Even supposing all these challenges could be addressed, there’s a final, likely insurmountable difficulty: the security dilemma. Fear of an adversary’s capabilities provides a powerful incentive to acquire your own. When it came to atomic energy, the tightly-policed arms control regime amounted to winners justice. Having developed the bomb, the US (and a few other states) pulled up the drawbridge, via the establishment first of the IAEA and then the Nuclear non-Proliferation Treaty. Only a handful of states thereafter came to possess nuclear weapons, and some that sought breakout capabilities have been thwarted by rivals.

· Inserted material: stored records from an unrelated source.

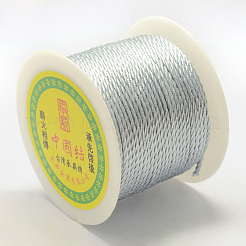 Cordino intrecciato in nylon&nbsp;NWIR-R026-1.0mm-484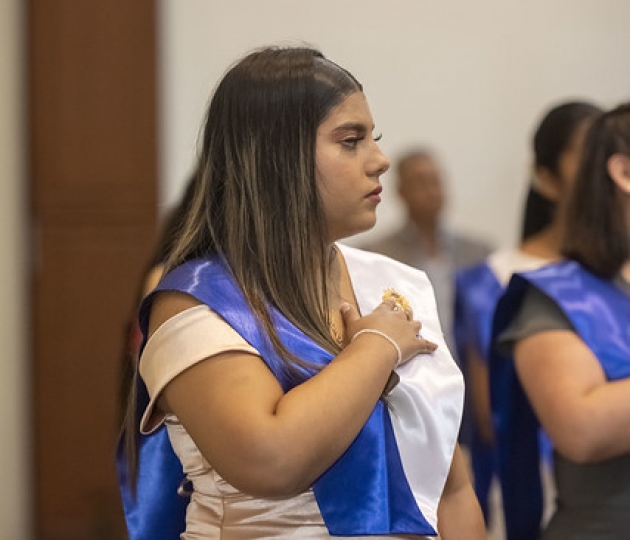 Ceremonia de Incorporación | 25 de junio | Mañana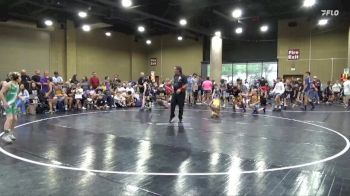75 lbs Round 2 (6 Team) - Roman Howe, Tasmanian Devils vs Wyatt Ballay, Williamson County WC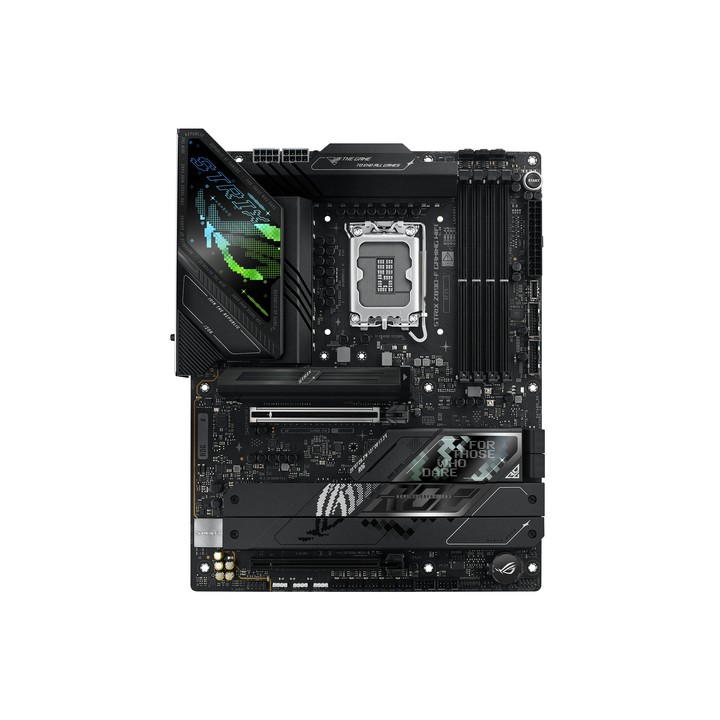 ASUS MB Z890, ROG STRIX Z890-F GAMING WIFI, DDR5,WiFi 7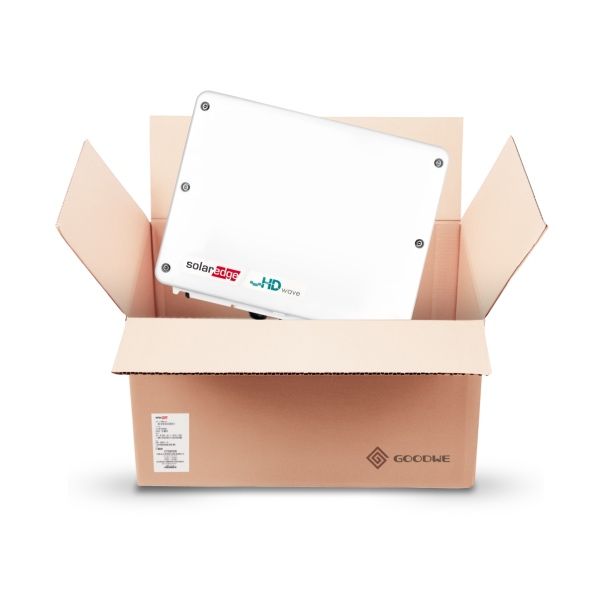 Інвертор SolarEdge SE6000H  6 kW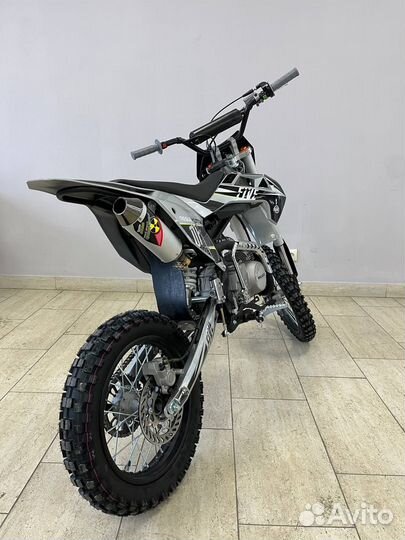 Питбайк Regulmoto five EA (полуавтомат кпп)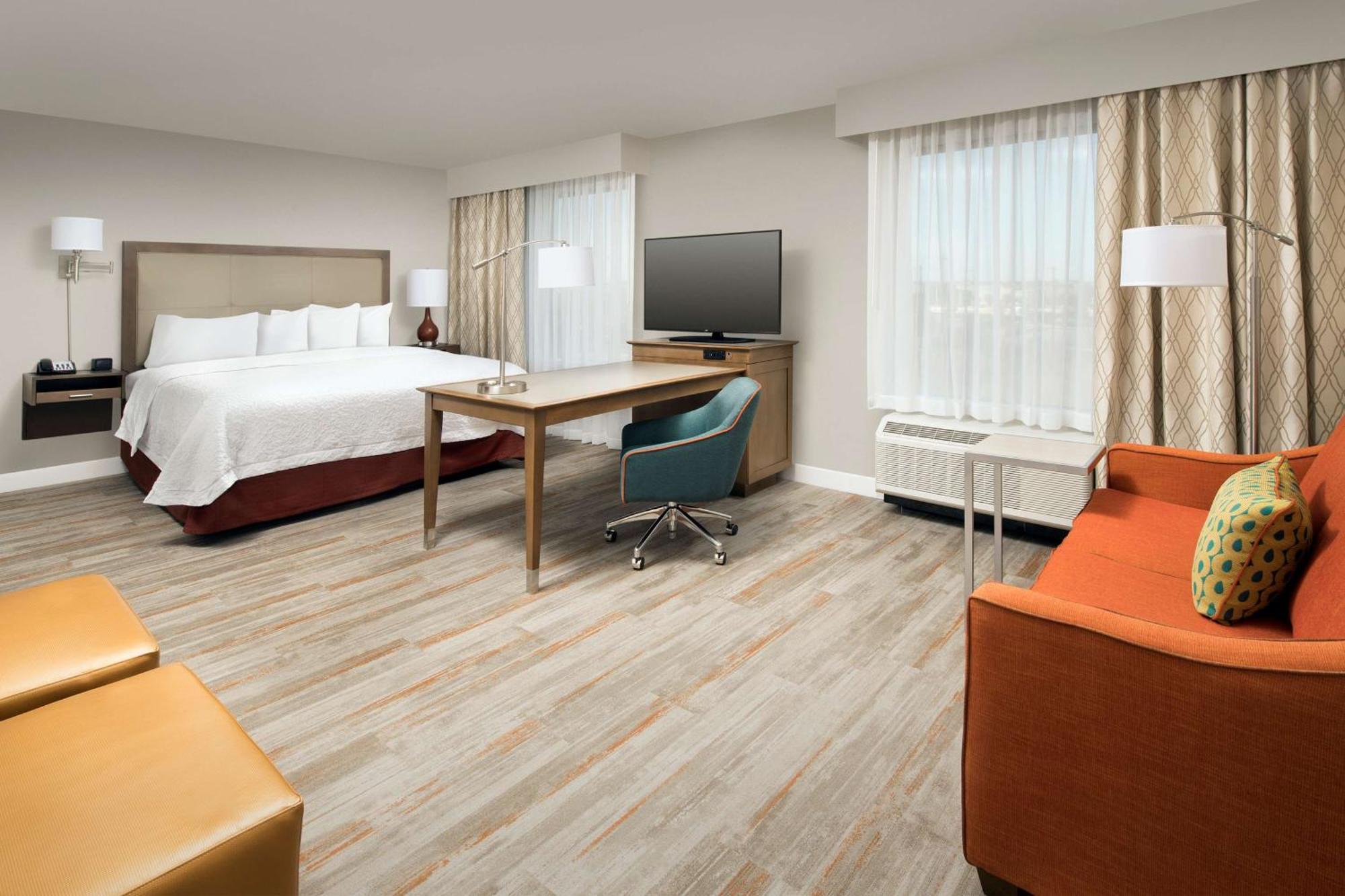 Hampton Inn & Suites San Antonio Lackland Afb Seaworld Ngoại thất bức ảnh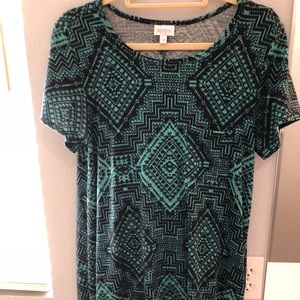 LLR Carly Dress
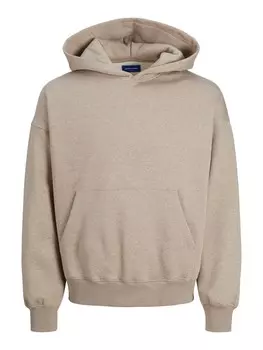 Толстовка JACK & JONES JORRidgewood, цвет Mocha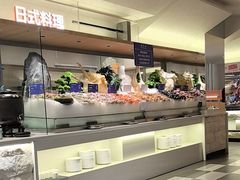-星伦多自助料理·涮烤一体(江桥万达店)
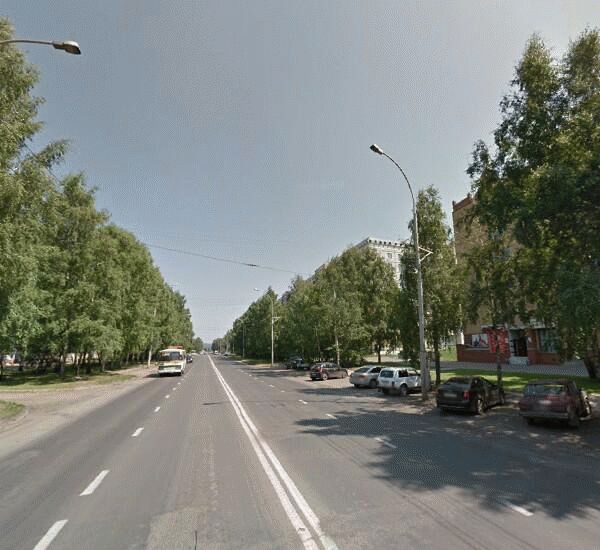 Отделение Сбербанка России по адресу бул. Строителей,  16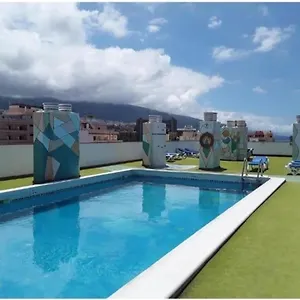  Apartamento Plaza Charco - Centro - Piscina Rooftop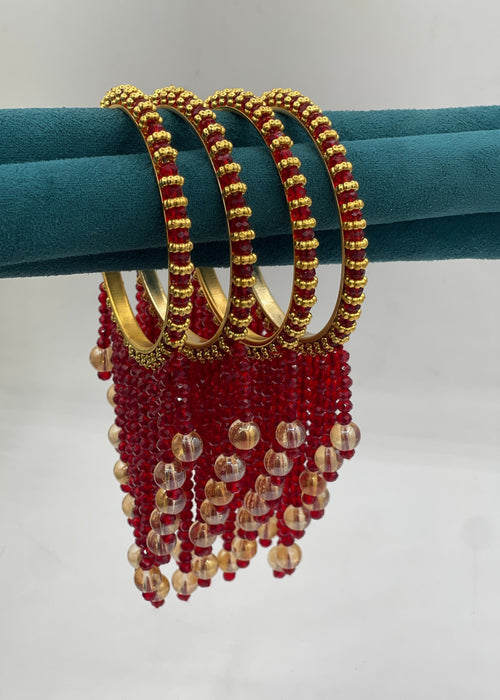 Shop the The Sahara Heritage Bangle from Zarosh Jewel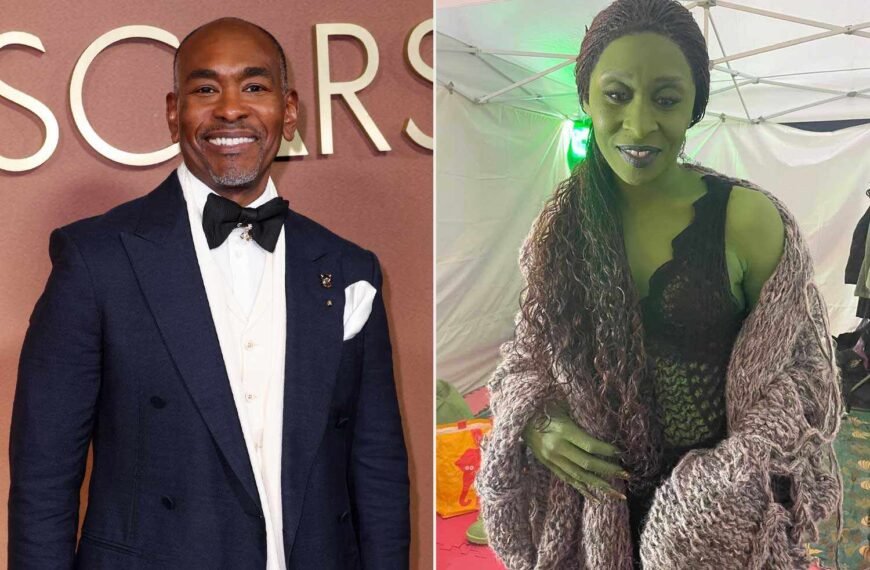 Paul Tazewell Reflects on Your Love for That Cardigan: Here's What He Thinks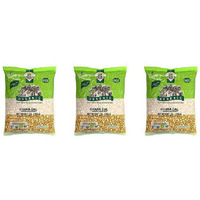 Pack of 3 - 24 Mantra Organic Chana Dal - 2 Lb (908 Gm)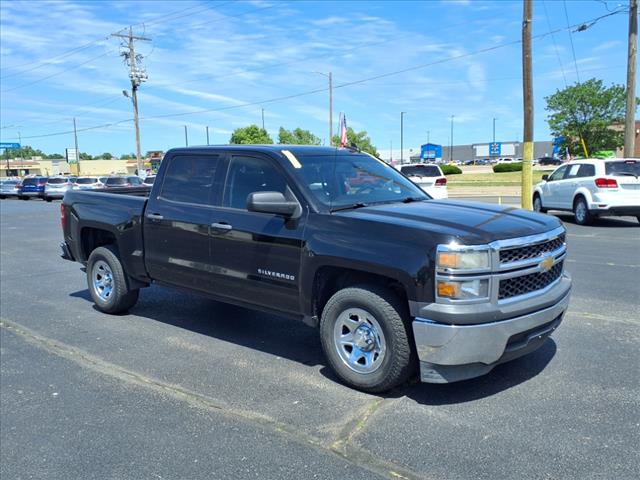 2015 Chevrolet Silverado 1500 LS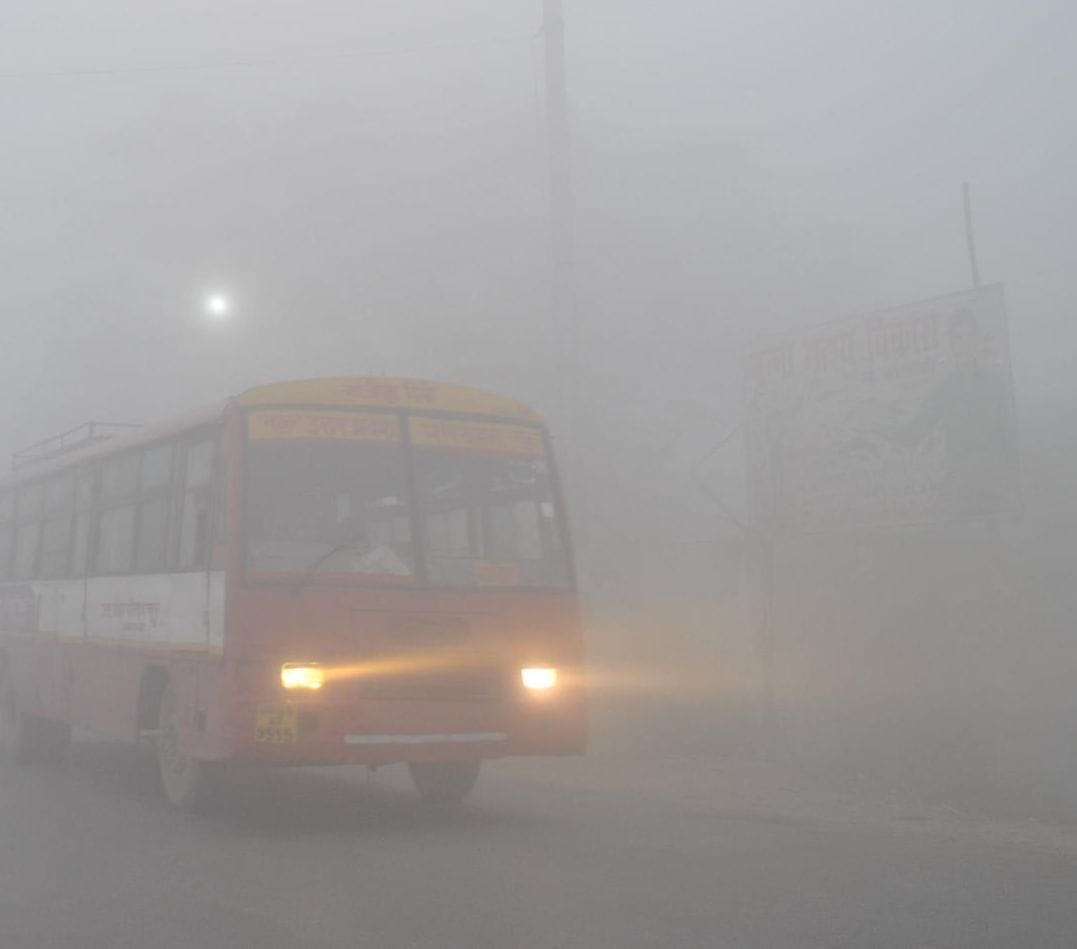 Rail passengers will get facility from Cantt Roadways bus station if train suspended due to fog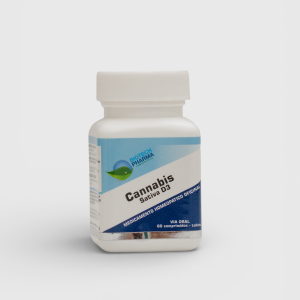 HOMEO CANNABIS - 60 TAB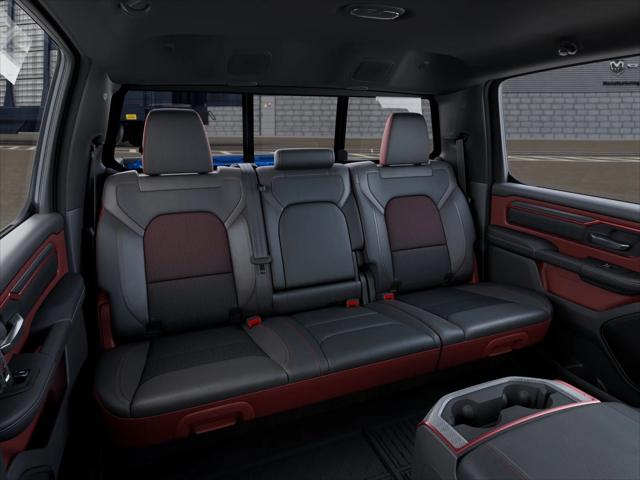 2026 Ram 1500 Rebel Crew Cab 4x4 5'7" Box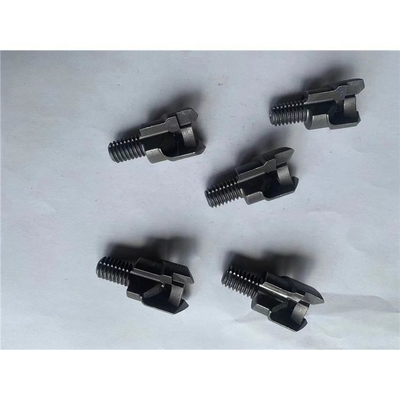 High Precision Metal Casting Parts , CNC Machined Components With Annealing ODM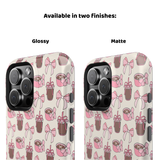 Sweet Café Bows MagSafe Tough Case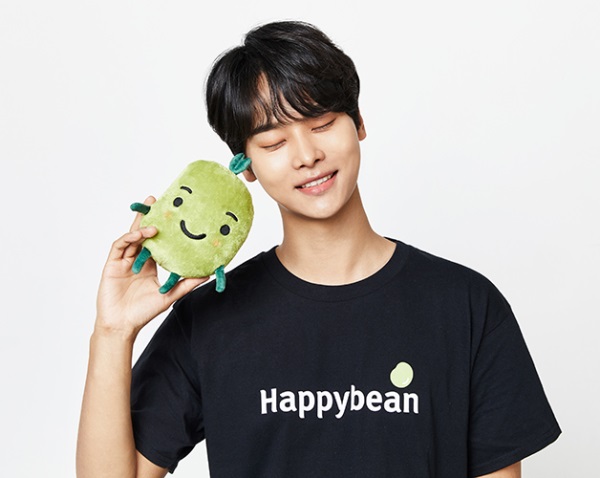 N (VIXX) Happybean 宣傳照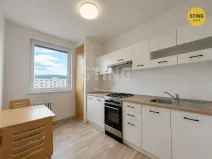 Pronájem bytu 2+1, Šumperk, Finská, 43 m2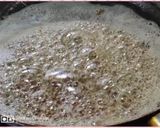 A picture of step 5 of Homemade ghee.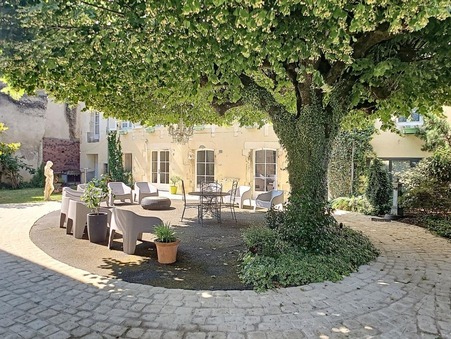 vente maison Chauvigny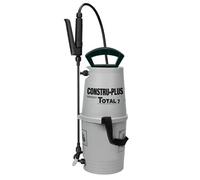 mayddle Pulvérisateur IK CONSTRU PLUS 7 – construction, rallonge & tube flexible, fabriqué en Europe
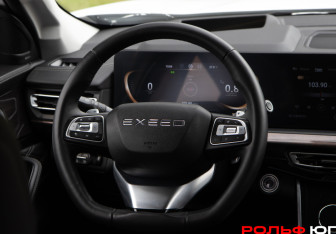 Подержанный автомобиль Exeed VX 2023 года (16 фото)
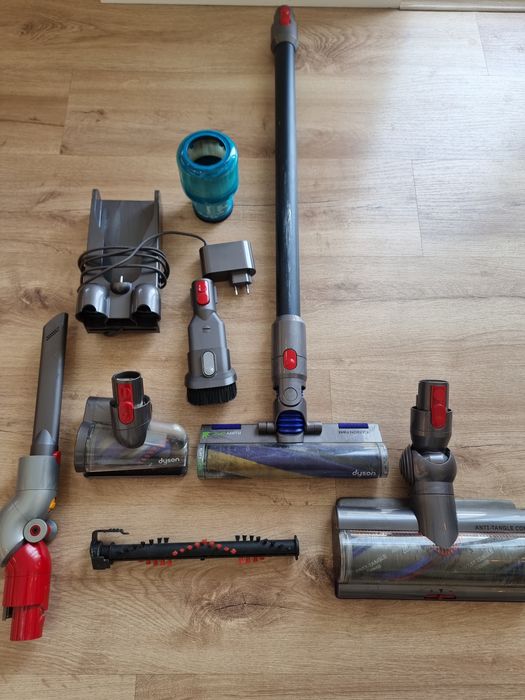 Aspirador Dyson  V15 Detect - Acessórios Originais Dyson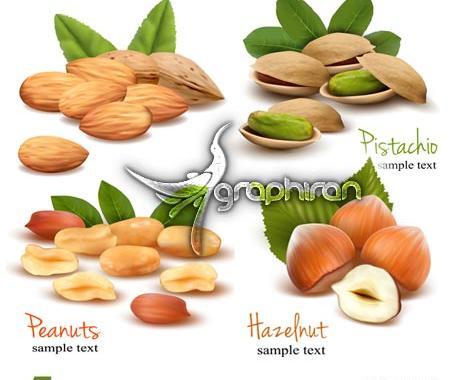 عکس آجیل کارتونی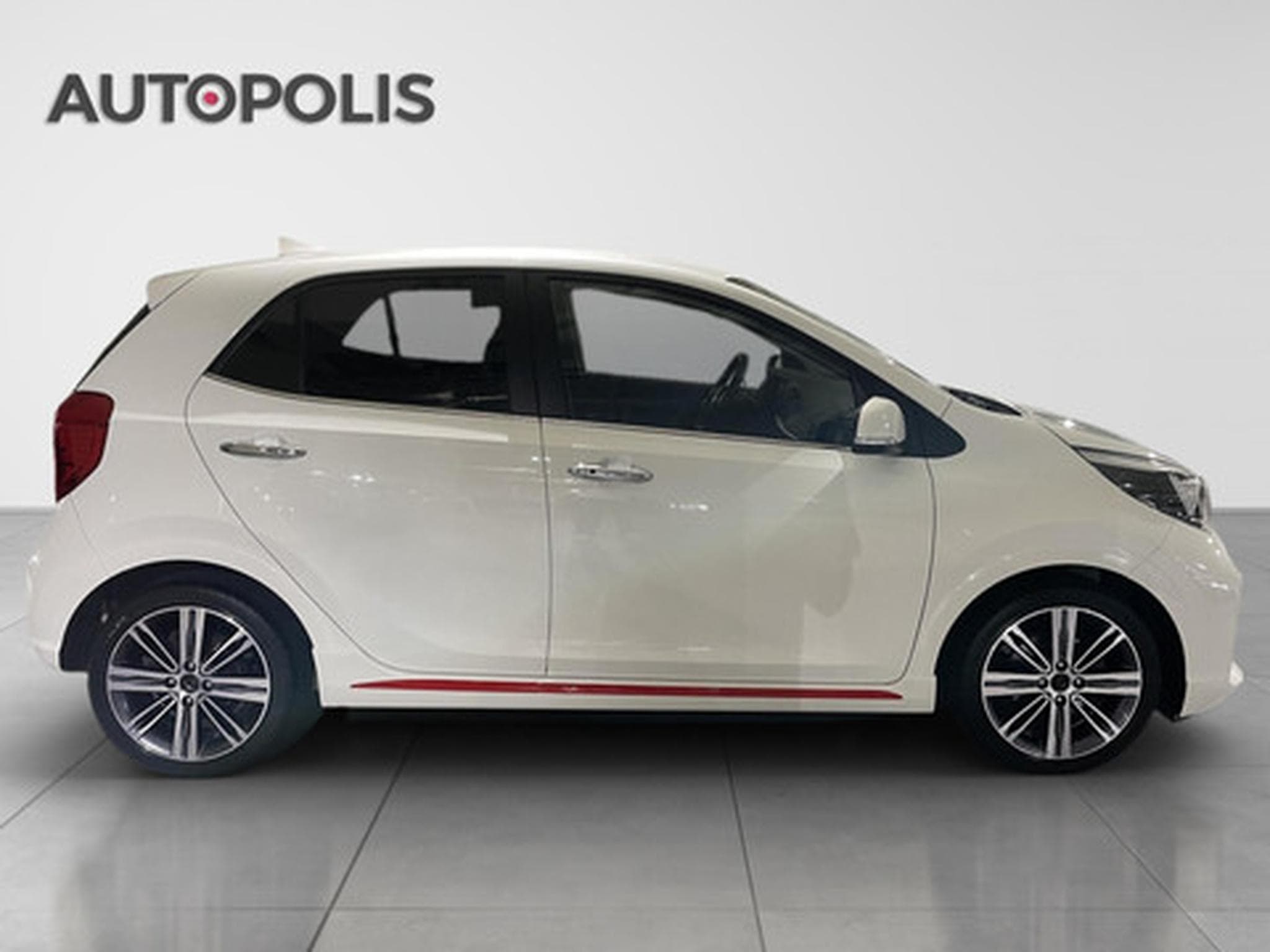 Kia Picanto 1.2 GT LINE (2020) - Foto 16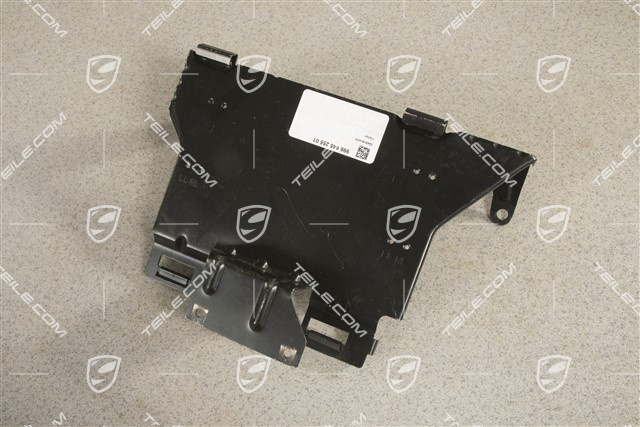 Halterung für Verstaerker, Soundpaket Bose / Harmann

That sort of tight control will be impossible this time. AI research, like nuclear expertise, is unevenly distributed between states, but the international barriers to entry this time are far smaller; computer power isn’t as scarce and trackable as uranium ore. If superintelligence is as transformative as OpenAI and others suggest, there’s a powerful incentive to cheat and plenty of opportunity to do so. You mightn’t even need the most brilliant computer scientists – just wait for a promising lead to emerge from a competitor, and then seed your research effort with it. Meanwhile, in contrast to the poorly camouflaged silos of the Cuban missile crisis, you could smuggle your finished superintelligence around on a hard drive. Proliferation looks comparatively easy. 

Superintelligence still seems incredible. The fashionable excitement of recent weeks may soon fade as ChatGPT is absorbed into the everyday, like other technological innovations before it. There are many more immediately pressing concerns for government and society alike. The problem, though, is real: a small, if growing risk to humanity, with potentially devastating consequences. OpenAI’s regulatory suggestions are inadequate, but the real service Altman and co. have done is to sound the alert. Fresh ideas are needed, and quickly.

Kenneth Payne is a Professor of Strategy at the Defence Studies Department, Kings College, London and the author of I-Warbot: The Dawn of Artificially Intelligent Conflict.